* _TASK DETAILS_
The reply has to contain each record exactly as written.
=== THE DATA ===
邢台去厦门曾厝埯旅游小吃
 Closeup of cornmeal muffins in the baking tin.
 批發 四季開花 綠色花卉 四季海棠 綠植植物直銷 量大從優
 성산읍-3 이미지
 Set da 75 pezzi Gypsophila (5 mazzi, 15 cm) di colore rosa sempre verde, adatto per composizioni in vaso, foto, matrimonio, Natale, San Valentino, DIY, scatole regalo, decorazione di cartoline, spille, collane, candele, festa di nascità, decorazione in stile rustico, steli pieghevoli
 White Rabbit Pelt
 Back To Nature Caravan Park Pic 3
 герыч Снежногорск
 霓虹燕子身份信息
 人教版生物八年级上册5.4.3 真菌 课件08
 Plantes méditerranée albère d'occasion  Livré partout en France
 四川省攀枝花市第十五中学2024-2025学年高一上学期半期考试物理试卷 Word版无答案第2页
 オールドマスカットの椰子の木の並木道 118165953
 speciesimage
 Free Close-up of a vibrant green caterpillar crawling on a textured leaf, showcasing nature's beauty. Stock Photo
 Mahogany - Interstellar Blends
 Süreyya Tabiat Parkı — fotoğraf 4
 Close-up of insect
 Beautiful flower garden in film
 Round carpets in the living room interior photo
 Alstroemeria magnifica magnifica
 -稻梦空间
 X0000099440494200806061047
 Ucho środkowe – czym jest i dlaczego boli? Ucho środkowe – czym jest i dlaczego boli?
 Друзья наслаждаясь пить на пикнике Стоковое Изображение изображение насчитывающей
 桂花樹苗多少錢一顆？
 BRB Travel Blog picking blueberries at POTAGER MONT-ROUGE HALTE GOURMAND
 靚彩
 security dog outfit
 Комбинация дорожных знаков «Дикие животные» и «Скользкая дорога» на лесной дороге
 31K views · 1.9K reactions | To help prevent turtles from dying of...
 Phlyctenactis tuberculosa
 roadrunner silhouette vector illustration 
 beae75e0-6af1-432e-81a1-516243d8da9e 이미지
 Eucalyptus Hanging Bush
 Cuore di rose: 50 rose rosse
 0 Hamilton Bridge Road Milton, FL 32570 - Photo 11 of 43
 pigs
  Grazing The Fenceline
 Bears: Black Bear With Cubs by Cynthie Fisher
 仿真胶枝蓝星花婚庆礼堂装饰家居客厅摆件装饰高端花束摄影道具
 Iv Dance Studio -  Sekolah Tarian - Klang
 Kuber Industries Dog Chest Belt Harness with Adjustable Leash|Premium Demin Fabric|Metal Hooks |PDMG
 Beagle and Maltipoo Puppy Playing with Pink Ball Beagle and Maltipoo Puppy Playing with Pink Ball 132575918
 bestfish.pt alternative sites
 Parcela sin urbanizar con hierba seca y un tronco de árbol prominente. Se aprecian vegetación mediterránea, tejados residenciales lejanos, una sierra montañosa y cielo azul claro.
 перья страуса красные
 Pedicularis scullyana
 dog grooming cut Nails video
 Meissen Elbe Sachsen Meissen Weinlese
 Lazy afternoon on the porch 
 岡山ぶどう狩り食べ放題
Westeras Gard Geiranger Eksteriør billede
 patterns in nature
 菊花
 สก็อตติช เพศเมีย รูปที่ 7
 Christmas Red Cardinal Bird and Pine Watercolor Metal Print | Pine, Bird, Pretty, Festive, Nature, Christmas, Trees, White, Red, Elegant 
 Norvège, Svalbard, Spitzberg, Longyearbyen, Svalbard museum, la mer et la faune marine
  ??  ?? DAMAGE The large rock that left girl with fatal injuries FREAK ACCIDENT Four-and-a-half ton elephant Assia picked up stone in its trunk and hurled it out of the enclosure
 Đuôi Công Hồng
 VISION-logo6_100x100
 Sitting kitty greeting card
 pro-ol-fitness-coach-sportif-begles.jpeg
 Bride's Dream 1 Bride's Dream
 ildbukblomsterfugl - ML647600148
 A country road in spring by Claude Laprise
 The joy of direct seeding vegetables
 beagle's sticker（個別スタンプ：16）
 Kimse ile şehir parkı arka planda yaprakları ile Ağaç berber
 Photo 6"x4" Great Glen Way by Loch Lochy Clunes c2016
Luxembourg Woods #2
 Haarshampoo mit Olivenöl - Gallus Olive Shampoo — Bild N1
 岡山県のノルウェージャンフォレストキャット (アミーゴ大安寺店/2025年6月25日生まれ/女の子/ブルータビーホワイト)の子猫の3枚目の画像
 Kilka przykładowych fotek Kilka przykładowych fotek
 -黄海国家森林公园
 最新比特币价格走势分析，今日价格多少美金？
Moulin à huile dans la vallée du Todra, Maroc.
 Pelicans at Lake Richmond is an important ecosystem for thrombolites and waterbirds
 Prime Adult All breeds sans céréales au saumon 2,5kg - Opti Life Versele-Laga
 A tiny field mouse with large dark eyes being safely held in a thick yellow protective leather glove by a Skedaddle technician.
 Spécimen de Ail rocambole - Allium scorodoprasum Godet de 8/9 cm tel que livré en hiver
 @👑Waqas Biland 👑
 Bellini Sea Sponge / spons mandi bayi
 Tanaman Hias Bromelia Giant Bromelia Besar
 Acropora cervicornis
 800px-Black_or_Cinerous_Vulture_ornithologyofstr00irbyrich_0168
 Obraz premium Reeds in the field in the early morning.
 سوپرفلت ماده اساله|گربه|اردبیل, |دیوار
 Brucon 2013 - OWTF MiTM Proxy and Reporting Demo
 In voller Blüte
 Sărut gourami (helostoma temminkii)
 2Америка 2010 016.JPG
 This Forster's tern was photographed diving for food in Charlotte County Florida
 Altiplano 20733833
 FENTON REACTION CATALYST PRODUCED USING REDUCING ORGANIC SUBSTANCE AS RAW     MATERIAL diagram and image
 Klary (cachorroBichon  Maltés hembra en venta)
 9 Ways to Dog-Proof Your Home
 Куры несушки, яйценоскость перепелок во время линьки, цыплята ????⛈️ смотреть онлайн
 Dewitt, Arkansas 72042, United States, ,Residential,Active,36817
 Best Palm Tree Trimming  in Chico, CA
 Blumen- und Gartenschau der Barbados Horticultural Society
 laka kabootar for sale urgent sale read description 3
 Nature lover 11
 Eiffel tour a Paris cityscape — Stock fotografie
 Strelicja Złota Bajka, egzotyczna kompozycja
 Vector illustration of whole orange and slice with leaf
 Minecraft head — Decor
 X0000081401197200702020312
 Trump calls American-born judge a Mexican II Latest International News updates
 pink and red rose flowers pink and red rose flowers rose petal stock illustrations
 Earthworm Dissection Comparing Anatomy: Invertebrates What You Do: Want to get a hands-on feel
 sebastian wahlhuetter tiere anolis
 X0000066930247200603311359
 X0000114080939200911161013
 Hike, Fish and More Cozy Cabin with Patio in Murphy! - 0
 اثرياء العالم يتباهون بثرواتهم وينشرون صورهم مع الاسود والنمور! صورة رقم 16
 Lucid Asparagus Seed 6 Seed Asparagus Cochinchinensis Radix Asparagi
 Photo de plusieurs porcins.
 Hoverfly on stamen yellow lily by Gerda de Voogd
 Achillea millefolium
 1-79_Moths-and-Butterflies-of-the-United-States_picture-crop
===
* _ANSWER TO THIS PROBLEM_
邢台去厦门曾厝埯旅游小吃
 Closeup of cornmeal muffins in the baking tin.
 批發 四季開花 綠色花卉 四季海棠 綠植植物直銷 量大從優
 성산읍-3 이미지
 Set da 75 pezzi Gypsophila (5 mazzi, 15 cm) di colore rosa sempre verde, adatto per composizioni in vaso, foto, matrimonio, Natale, San Valentino, DIY, scatole regalo, decorazione di cartoline, spille, collane, candele, festa di nascità, decorazione in stile rustico, steli pieghevoli
 White Rabbit Pelt
 Back To Nature Caravan Park Pic 3
 герыч Снежногорск
 霓虹燕子身份信息
 人教版生物八年级上册5.4.3 真菌 课件08
 Plantes méditerranée albère d'occasion  Livré partout en France
 四川省攀枝花市第十五中学2024-2025学年高一上学期半期考试物理试卷 Word版无答案第2页
 オールドマスカットの椰子の木の並木道 118165953
 speciesimage
 Free Close-up of a vibrant green caterpillar crawling on a textured leaf, showcasing nature's beauty. Stock Photo
 Mahogany - Interstellar Blends
 Süreyya Tabiat Parkı — fotoğraf 4
 Close-up of insect
 Beautiful flower garden in film
 Round carpets in the living room interior photo
 Alstroemeria magnifica magnifica
 -稻梦空间
 X0000099440494200806061047
 Ucho środkowe – czym jest i dlaczego boli? Ucho środkowe – czym jest i dlaczego boli?
 Друзья наслаждаясь пить на пикнике Стоковое Изображение изображение насчитывающей
 桂花樹苗多少錢一顆？
 BRB Travel Blog picking blueberries at POTAGER MONT-ROUGE HALTE GOURMAND
 靚彩
 security dog outfit
 Комбинация дорожных знаков «Дикие животные» и «Скользкая дорога» на лесной дороге
 31K views · 1.9K reactions | To help prevent turtles from dying of...
 Phlyctenactis tuberculosa
 roadrunner silhouette vector illustration 
 beae75e0-6af1-432e-81a1-516243d8da9e 이미지
 Eucalyptus Hanging Bush
 Cuore di rose: 50 rose rosse
 0 Hamilton Bridge Road Milton, FL 32570 - Photo 11 of 43
 pigs
  Grazing The Fenceline
 Bears: Black Bear With Cubs by Cynthie Fisher
 仿真胶枝蓝星花婚庆礼堂装饰家居客厅摆件装饰高端花束摄影道具
 Iv Dance Studio -  Sekolah Tarian - Klang
 Kuber Industries Dog Chest Belt Harness with Adjustable Leash|Premium Demin Fabric|Metal Hooks |PDMG
 Beagle and Maltipoo Puppy Playing with Pink Ball Beagle and Maltipoo Puppy Playing with Pink Ball 132575918
 bestfish.pt alternative sites
 Parcela sin urbanizar con hierba seca y un tronco de árbol prominente. Se aprecian vegetación mediterránea, tejados residenciales lejanos, una sierra montañosa y cielo azul claro.
 перья страуса красные
 Pedicularis scullyana
 dog grooming cut Nails video
 Meissen Elbe Sachsen Meissen Weinlese
 Lazy afternoon on the porch 
 岡山ぶどう狩り食べ放題
Westeras Gard Geiranger Eksteriør billede
 patterns in nature
 菊花
 สก็อตติช เพศเมีย รูปที่ 7
 Christmas Red Cardinal Bird and Pine Watercolor Metal Print | Pine, Bird, Pretty, Festive, Nature, Christmas, Trees, White, Red, Elegant 
 Norvège, Svalbard, Spitzberg, Longyearbyen, Svalbard museum, la mer et la faune marine
  ??  ?? DAMAGE The large rock that left girl with fatal injuries FREAK ACCIDENT Four-and-a-half ton elephant Assia picked up stone in its trunk and hurled it out of the enclosure
 Đuôi Công Hồng
 VISION-logo6_100x100
 Sitting kitty greeting card
 pro-ol-fitness-coach-sportif-begles.jpeg
 Bride's Dream 1 Bride's Dream
 ildbukblomsterfugl - ML647600148
 A country road in spring by Claude Laprise
 The joy of direct seeding vegetables
 beagle's sticker（個別スタンプ：16）
 Kimse ile şehir parkı arka planda yaprakları ile Ağaç berber
 Photo 6"x4" Great Glen Way by Loch Lochy Clunes c2016
Luxembourg Woods #2
 Haarshampoo mit Olivenöl - Gallus Olive Shampoo — Bild N1
 岡山県のノルウェージャンフォレストキャット (アミーゴ大安寺店/2025年6月25日生まれ/女の子/ブルータビーホワイト)の子猫の3枚目の画像
 Kilka przykładowych fotek Kilka przykładowych fotek
 -黄海国家森林公园
 最新比特币价格走势分析，今日价格多少美金？
Moulin à huile dans la vallée du Todra, Maroc.
 Pelicans at Lake Richmond is an important ecosystem for thrombolites and waterbirds
 Prime Adult All breeds sans céréales au saumon 2,5kg - Opti Life Versele-Laga
 A tiny field mouse with large dark eyes being safely held in a thick yellow protective leather glove by a Skedaddle technician.
 Spécimen de Ail rocambole - Allium scorodoprasum Godet de 8/9 cm tel que livré en hiver
 @👑Waqas Biland 👑
 Bellini Sea Sponge / spons mandi bayi
 Tanaman Hias Bromelia Giant Bromelia Besar
 Acropora cervicornis
 800px-Black_or_Cinerous_Vulture_ornithologyofstr00irbyrich_0168
 Obraz premium Reeds in the field in the early morning.
 سوپرفلت ماده اساله|گربه|اردبیل, |دیوار
 Brucon 2013 - OWTF MiTM Proxy and Reporting Demo
 In voller Blüte
 Sărut gourami (helostoma temminkii)
 2Америка 2010 016.JPG
 This Forster's tern was photographed diving for food in Charlotte County Florida
 Altiplano 20733833
 FENTON REACTION CATALYST PRODUCED USING REDUCING ORGANIC SUBSTANCE AS RAW     MATERIAL diagram and image
 Klary (cachorroBichon  Maltés hembra en venta)
 9 Ways to Dog-Proof Your Home
 Куры несушки, яйценоскость перепелок во время линьки, цыплята ????⛈️ смотреть онлайн
 Dewitt, Arkansas 72042, United States, ,Residential,Active,36817
 Best Palm Tree Trimming  in Chico, CA
 Blumen- und Gartenschau der Barbados Horticultural Society
 laka kabootar for sale urgent sale read description 3
 Nature lover 11
 Eiffel tour a Paris cityscape — Stock fotografie
 Strelicja Złota Bajka, egzotyczna kompozycja
 Vector illustration of whole orange and slice with leaf
 Minecraft head — Decor
 X0000081401197200702020312
 Trump calls American-born judge a Mexican II Latest International News updates
 pink and red rose flowers pink and red rose flowers rose petal stock illustrations
 Earthworm Dissection Comparing Anatomy: Invertebrates What You Do: Want to get a hands-on feel
 sebastian wahlhuetter tiere anolis
 X0000066930247200603311359
 X0000114080939200911161013
 Hike, Fish and More Cozy Cabin with Patio in Murphy! - 0
 اثرياء العالم يتباهون بثرواتهم وينشرون صورهم مع الاسود والنمور! صورة رقم 16
 Lucid Asparagus Seed 6 Seed Asparagus Cochinchinensis Radix Asparagi
 Photo de plusieurs porcins.
 Hoverfly on stamen yellow lily by Gerda de Voogd
 Achillea millefolium
 1-79_Moths-and-Butterflies-of-the-United-States_picture-crop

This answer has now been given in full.